*Assigned task*: The listing below should be printed again word for word, without any images.

*Source data*:
══════════
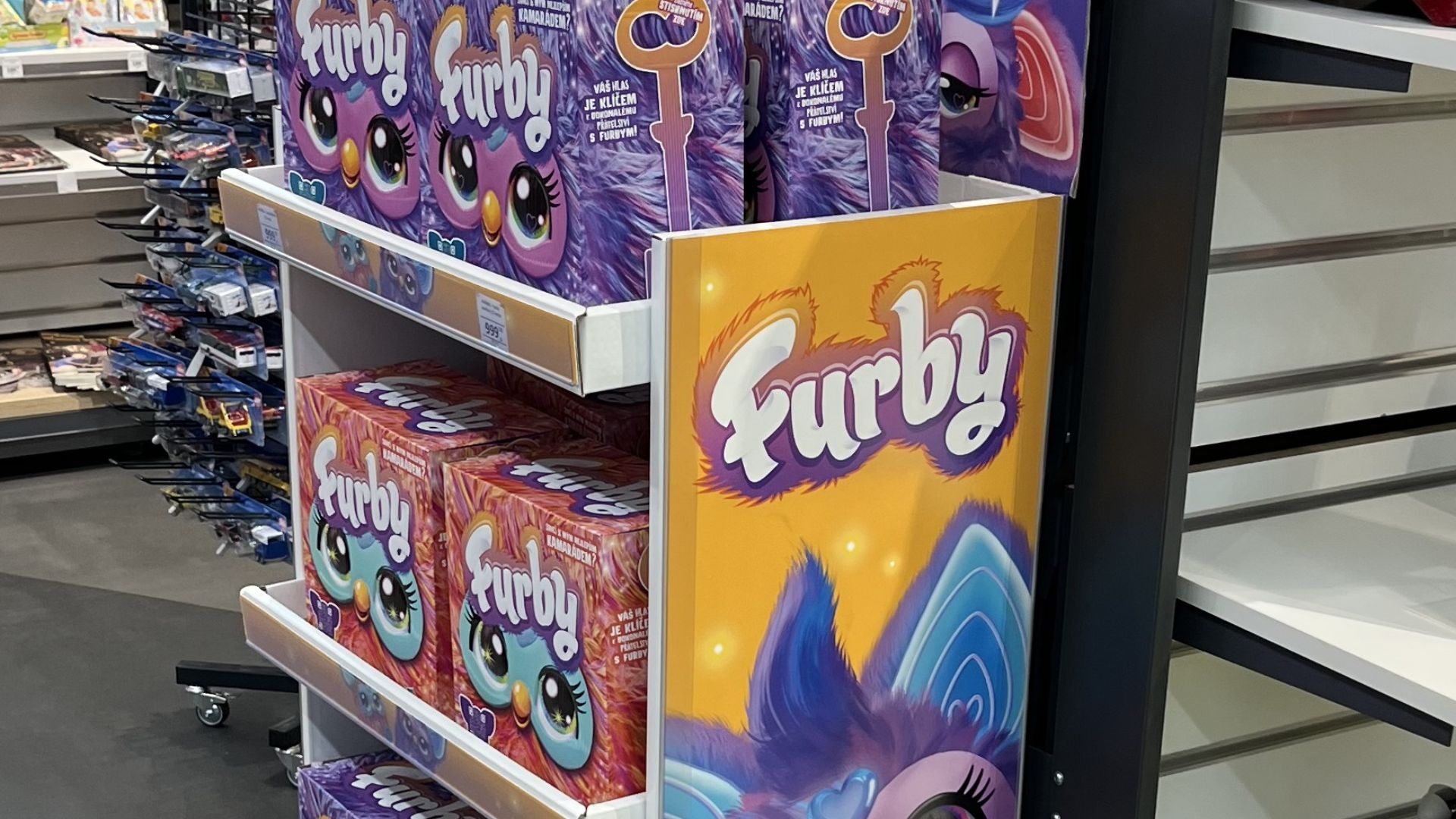17. Les Furbies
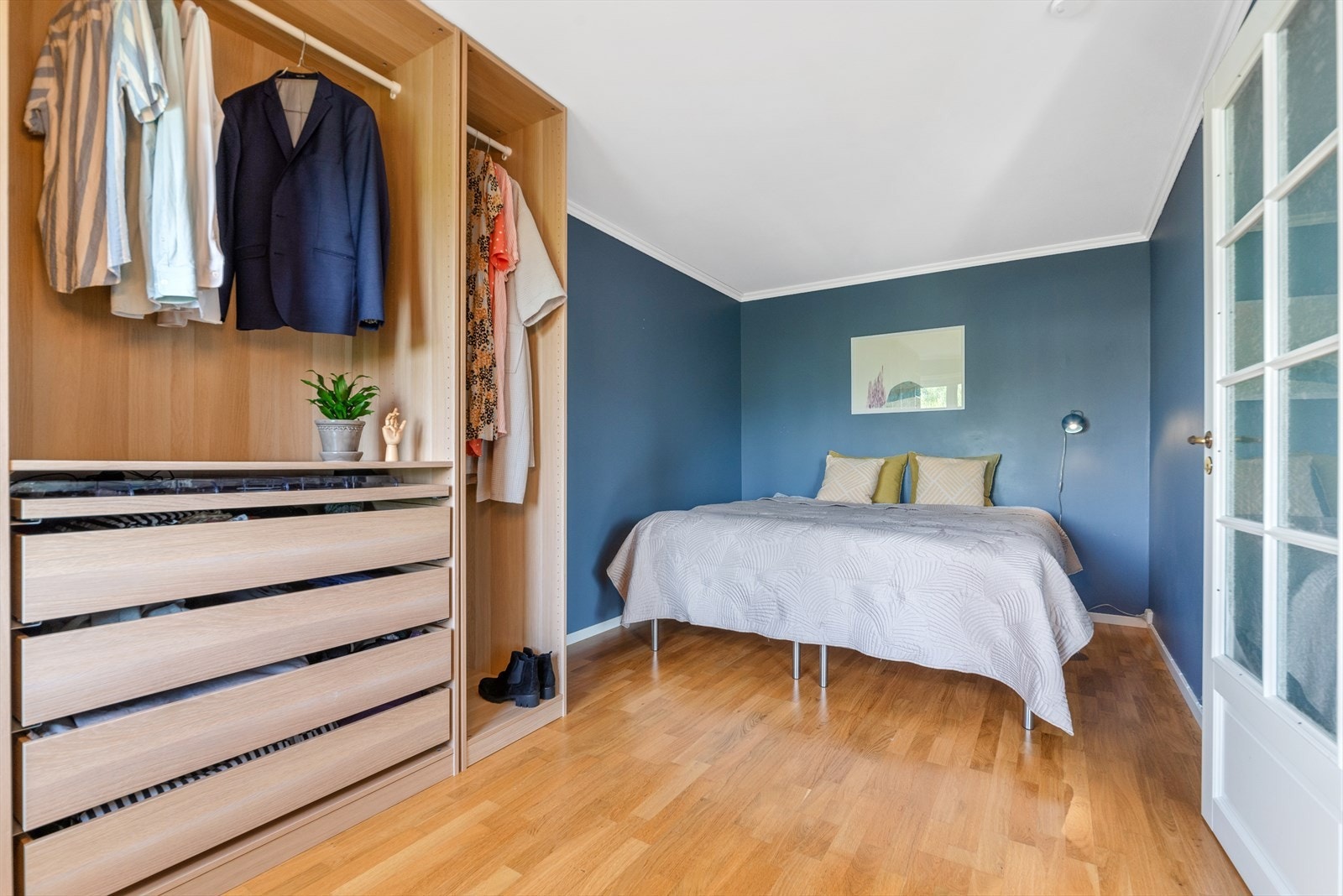 Fra stuen er det adkomst til boligens hovedsoverom. Hovedsoverommet er luftig med plass til en dobbeltseng og tilhørende møblement. Galleribilde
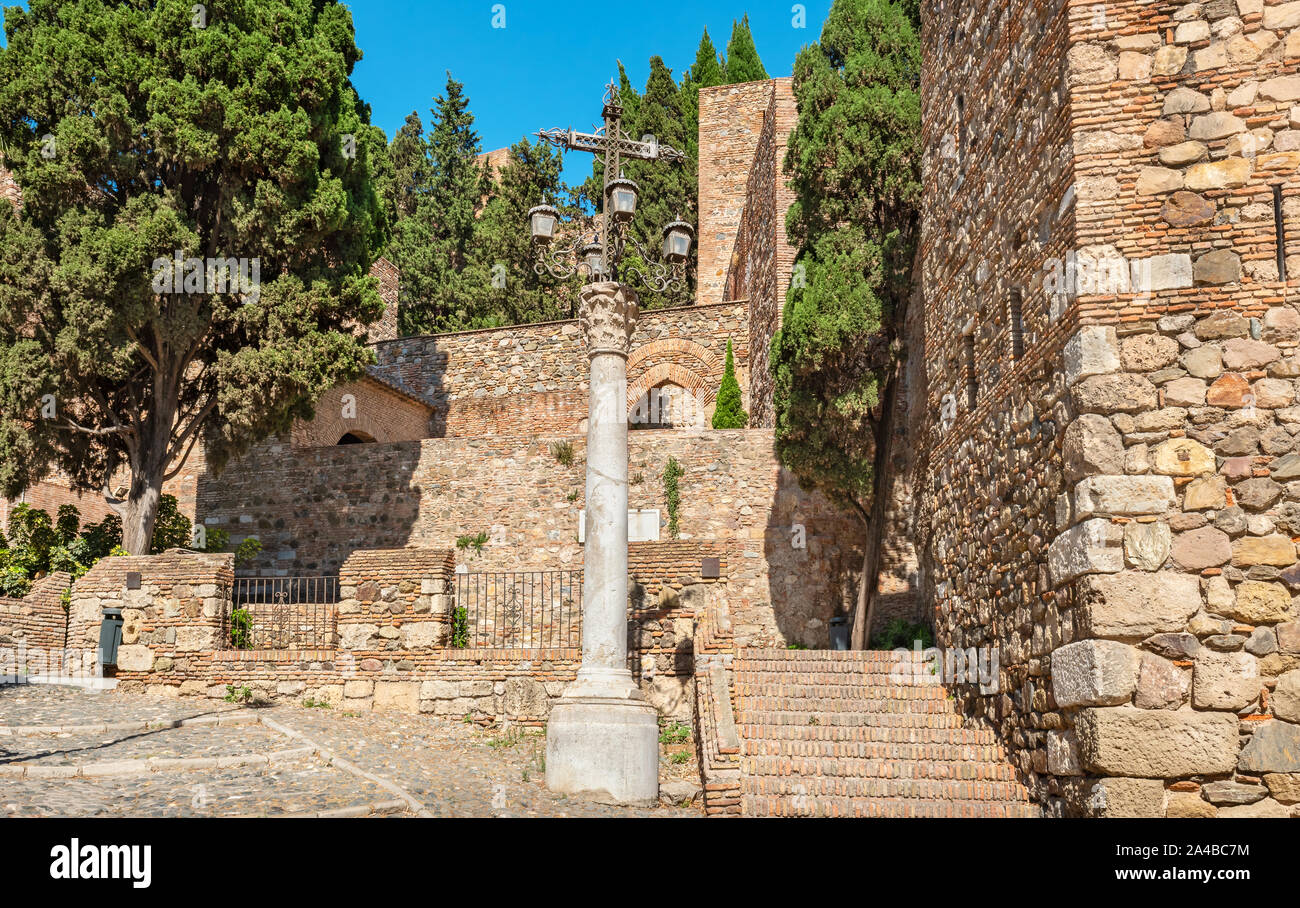 Eingang die maurische Festung Alcazaba, in der Altstadt von Malaga. Andalusien, Spanien Stockfoto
══════════
*Written response*:
17. Les Furbies
 Fra stuen er det adkomst til boligens hovedsoverom. Hovedsoverommet er luftig med plass til en dobbeltseng og tilhørende møblement. Galleribilde
 Eingang die maurische Festung Alcazaba, in der Altstadt von Malaga. Andalusien, Spanien Stockfoto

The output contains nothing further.